I was in Bangkok for a brief visit last week, and felt the same sadness I’ve always felt each time I’ve visited there in recent times. Thailand’s economy was a virtual identical twin of ours about four decades ago. In 1970, we had exactly the same average annual income or GDP per capita ($250), very similar economic structures in terms of sectoral composition of output, identical population (36 million), and even the same population growth rate (3.1 percent per year). We were teaching many things to the Thais back then, including and especially in the agricultural sciences.

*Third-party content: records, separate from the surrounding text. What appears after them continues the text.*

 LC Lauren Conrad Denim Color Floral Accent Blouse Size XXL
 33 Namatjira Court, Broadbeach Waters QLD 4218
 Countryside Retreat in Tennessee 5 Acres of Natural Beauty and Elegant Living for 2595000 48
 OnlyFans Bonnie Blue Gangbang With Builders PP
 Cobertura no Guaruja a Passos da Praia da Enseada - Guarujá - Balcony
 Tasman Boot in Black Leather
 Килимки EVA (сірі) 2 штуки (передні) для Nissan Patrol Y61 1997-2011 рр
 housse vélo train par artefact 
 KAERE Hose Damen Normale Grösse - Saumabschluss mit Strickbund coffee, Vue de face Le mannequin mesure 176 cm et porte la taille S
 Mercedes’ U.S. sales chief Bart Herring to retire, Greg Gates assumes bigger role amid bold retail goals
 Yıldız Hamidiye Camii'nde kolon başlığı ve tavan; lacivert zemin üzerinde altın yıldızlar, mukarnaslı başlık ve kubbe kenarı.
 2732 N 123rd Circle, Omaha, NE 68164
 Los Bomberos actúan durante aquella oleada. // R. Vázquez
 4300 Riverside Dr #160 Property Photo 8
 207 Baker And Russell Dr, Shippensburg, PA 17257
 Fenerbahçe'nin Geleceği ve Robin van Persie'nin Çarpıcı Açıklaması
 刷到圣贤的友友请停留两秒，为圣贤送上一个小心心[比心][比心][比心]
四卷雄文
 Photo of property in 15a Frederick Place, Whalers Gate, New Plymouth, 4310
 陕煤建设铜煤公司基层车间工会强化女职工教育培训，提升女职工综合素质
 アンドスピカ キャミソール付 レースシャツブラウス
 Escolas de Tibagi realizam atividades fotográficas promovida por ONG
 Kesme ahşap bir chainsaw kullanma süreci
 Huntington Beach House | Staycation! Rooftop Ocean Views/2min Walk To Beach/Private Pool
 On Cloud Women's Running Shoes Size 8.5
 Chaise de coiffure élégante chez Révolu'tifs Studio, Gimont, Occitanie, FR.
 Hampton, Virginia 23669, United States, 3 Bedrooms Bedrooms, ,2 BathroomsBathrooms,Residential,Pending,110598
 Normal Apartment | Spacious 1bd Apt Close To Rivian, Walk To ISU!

I grew up in Los Baños when Thai overseas students were a common sight in the UP College of Agriculture campus. I witnessed this first hand, as my father headed the Office of Student Affairs then, and my elder sister even had a Thai suitor at one time. Today, Thai UPLB agriculture alumni remain among the most loyal and proud of that university’s foreign graduates, and I hear that many of them actually gather on their own to celebrate the university’s annual alumni Loyalty Day every Oct. 10.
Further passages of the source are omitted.